» ACTIVITY
Working through the data below, reproduce word for word the line with "Cover for: The" and every line after it, both ends included, and omit the pictures.
━━ DATA UNDER STUDY
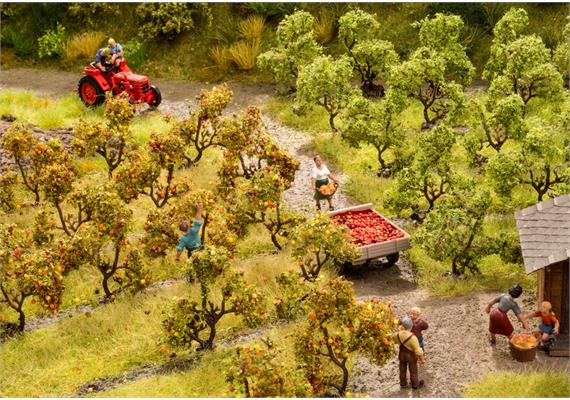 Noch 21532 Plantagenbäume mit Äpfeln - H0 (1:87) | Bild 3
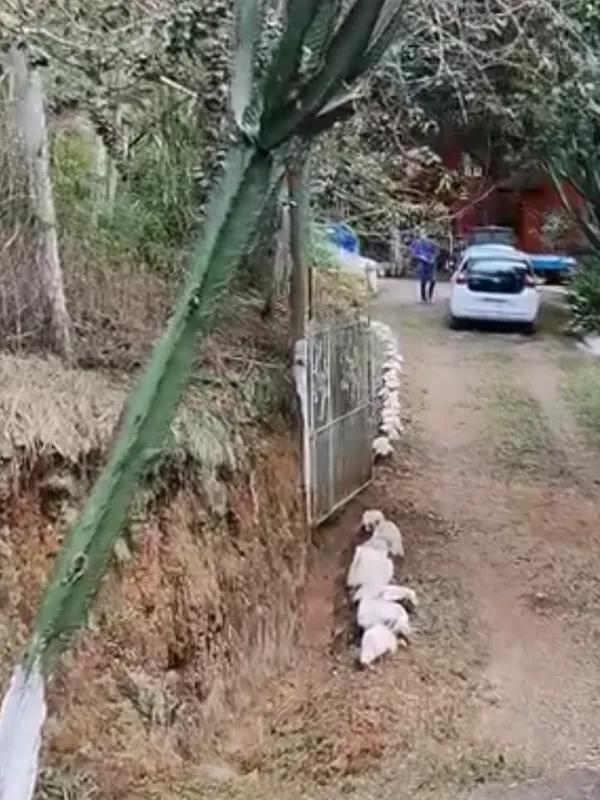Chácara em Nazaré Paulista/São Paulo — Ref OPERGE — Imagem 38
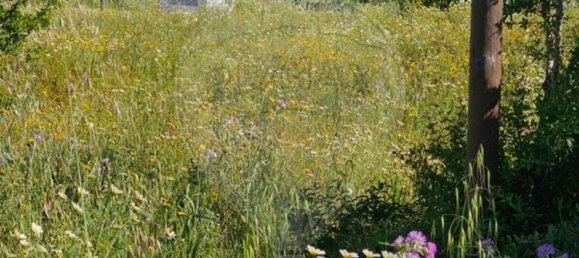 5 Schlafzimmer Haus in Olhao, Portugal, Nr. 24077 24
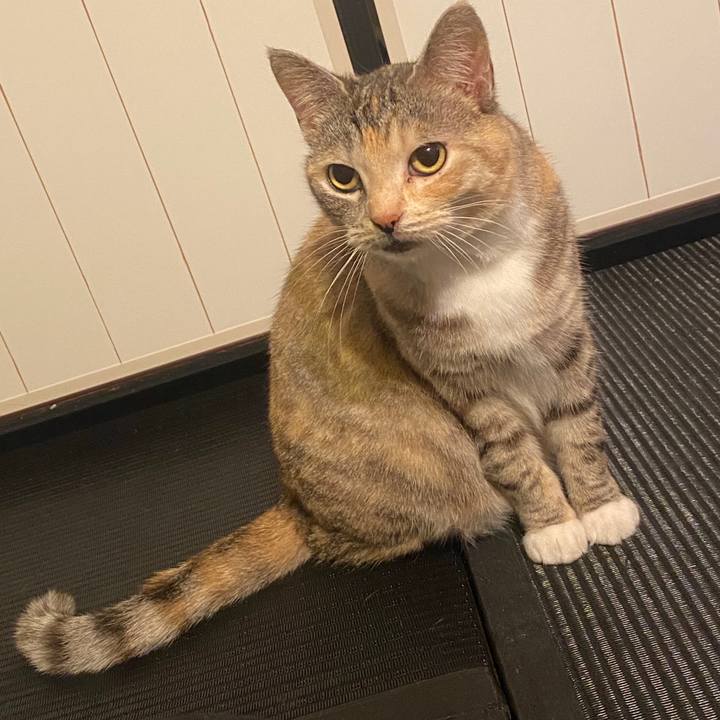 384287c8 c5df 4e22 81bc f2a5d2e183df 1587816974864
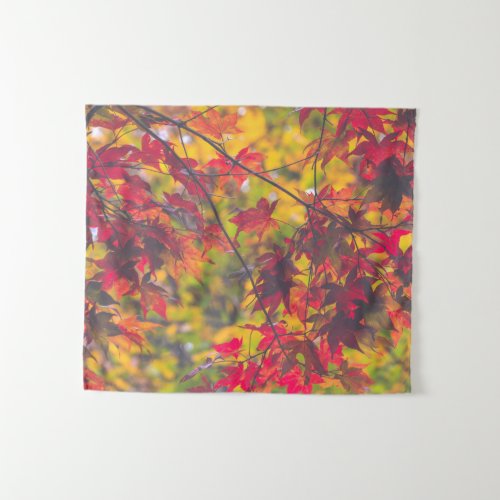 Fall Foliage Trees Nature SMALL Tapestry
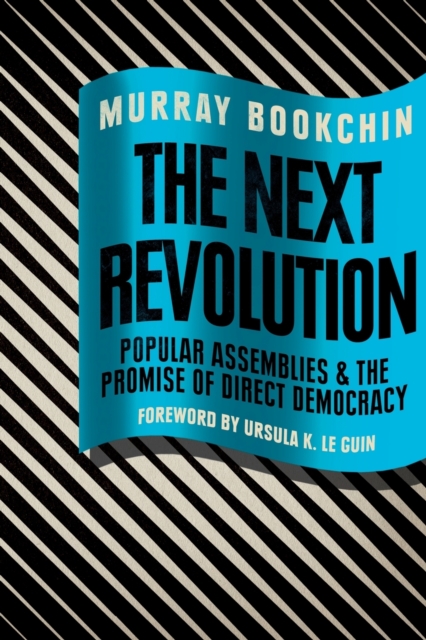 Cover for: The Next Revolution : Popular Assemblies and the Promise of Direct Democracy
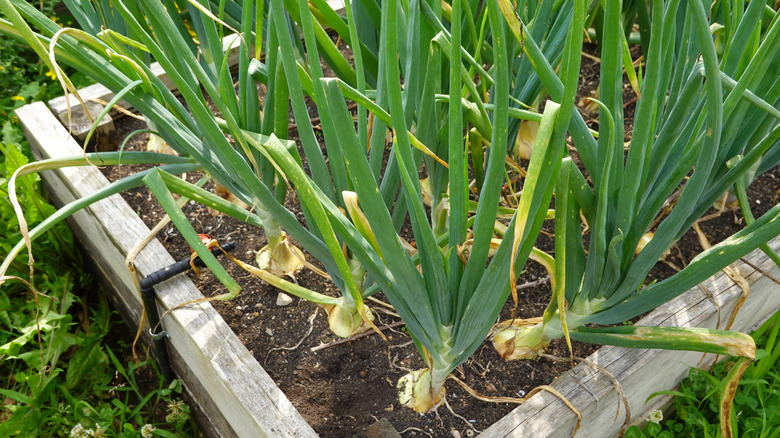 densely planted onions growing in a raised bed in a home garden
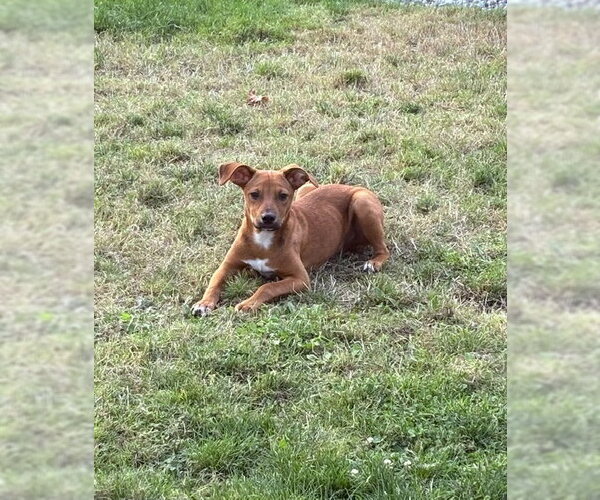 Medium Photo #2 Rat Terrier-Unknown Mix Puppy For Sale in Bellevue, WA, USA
━━━━
» ANSWER FOR THIS EXERCISE
 Cover for: The Next Revolution : Popular Assemblies and the Promise of Direct Democracy
 densely planted onions growing in a raised bed in a home garden
 Medium Photo #2 Rat Terrier-Unknown Mix Puppy For Sale in Bellevue, WA, USA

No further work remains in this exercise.